College recruiting information
| Name | Hometown | School | Height | Weight | 40^{‡} | Commit date |
| Cody Webster K | Harrisburg, Pennsylvania | Central Dauphin East High School | 6 ft 2 in (1.88 m) | 180 lb (82 kg) | -- | Oct 4, 2009 |
Recruit ratings: Scout: Rivals: (73)
Overall recruit ranking: Scout: -- (P) Rivals: 25 (K) ESPN: 34 (K)
Note: In many cases, Scout, Rivals, 247Sports, On3, and ESPN may conflict in their listings of height and weight.; In these cases, the average was taken. ESPN grades are on a 100-point scale.; Sources: "Purdue Football Commitment List (24)". Rivals. Retrieved December 6, 2013.; "Purdue College Football Recruiting Commits". Scout. Retrieved December 6, 2013.; "ESPN". ESPN. Retrieved December 6, 2013.; "Scout.com Team Recruiting Rankings". Scout. Retrieved December 6, 2013.; "2010 Team Ranking". Rivals.com. Retrieved December 6, 2013.;

==College career==
Webster played college football for the Purdue Boilermakers where he majored in agriculture. During the 2010, 2011, 2012 and 2013 seasons he was the Boilermakers first team punter. When Webster kicked a 79-yard punt for the 2010 Purdue team against Northwestern, it was the longest punt of his career.

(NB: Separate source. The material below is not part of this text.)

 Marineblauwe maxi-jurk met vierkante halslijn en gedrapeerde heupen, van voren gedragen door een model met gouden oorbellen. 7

In 2010, although true freshman Webster placed fifth in the conference in overall punting average (43.3 yards/punt). He earned honorable mention All-Big Ten honors during the 2010 and 2012 seasons, while also earning first-team All-Big Ten honors in 2013 and second-team All-Big Ten honors in 2011. Webster lead the Big Ten in punting average as a senior.

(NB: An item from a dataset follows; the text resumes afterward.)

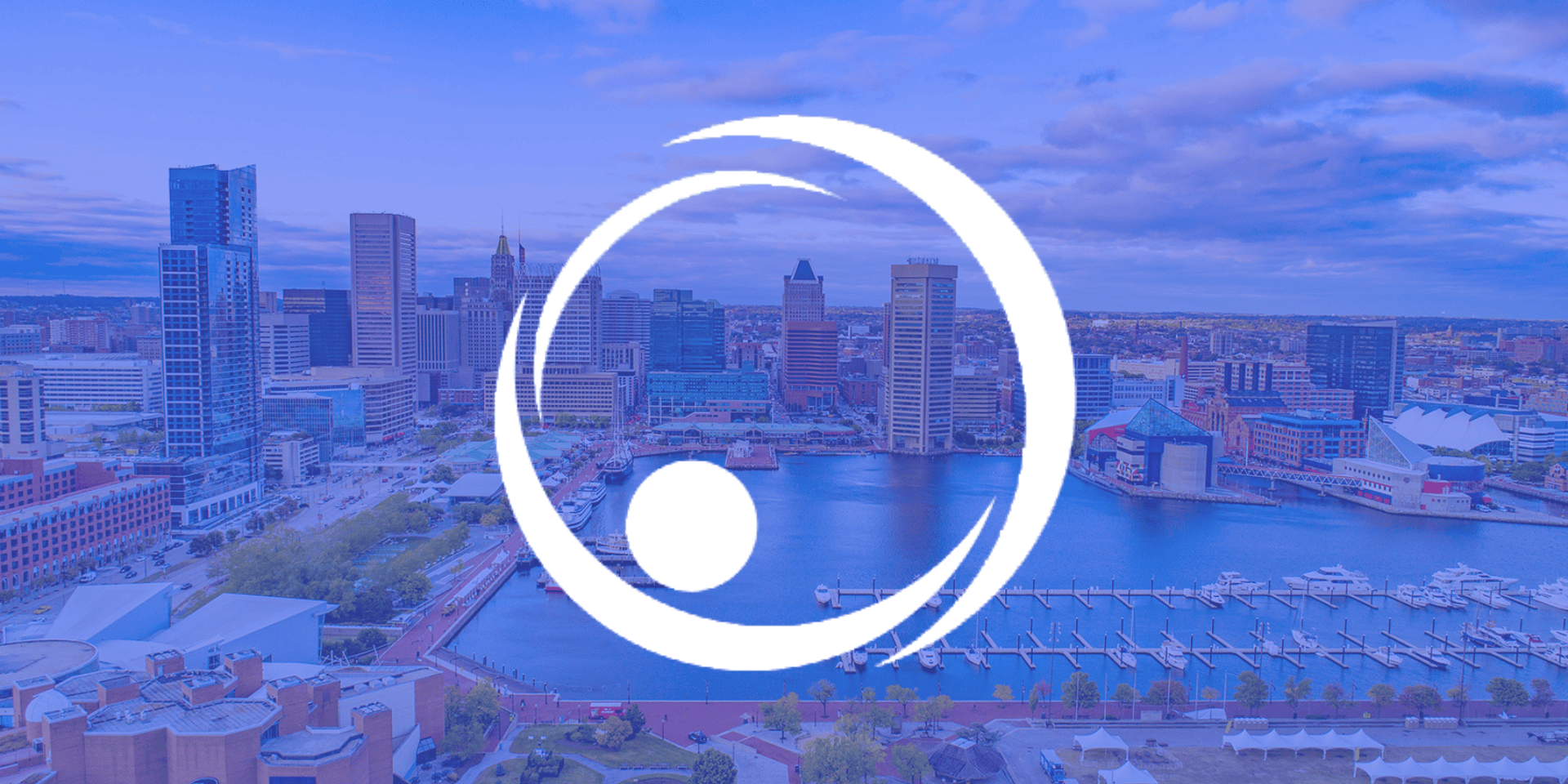 aap logo over baltimore background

He was the 2013 Big Ten Punter of the Year. He was named as Ray Guy Award finalist on November 25, 2013.

==Professional career==
After going undrafted in the 2014 NFL draft, Webster attended the Pittsburgh Steelers rookie minicamp on a tryout.

In 2015, he signed with the Brooklyn Bolts of the Fall Experimental Football League (FXFL).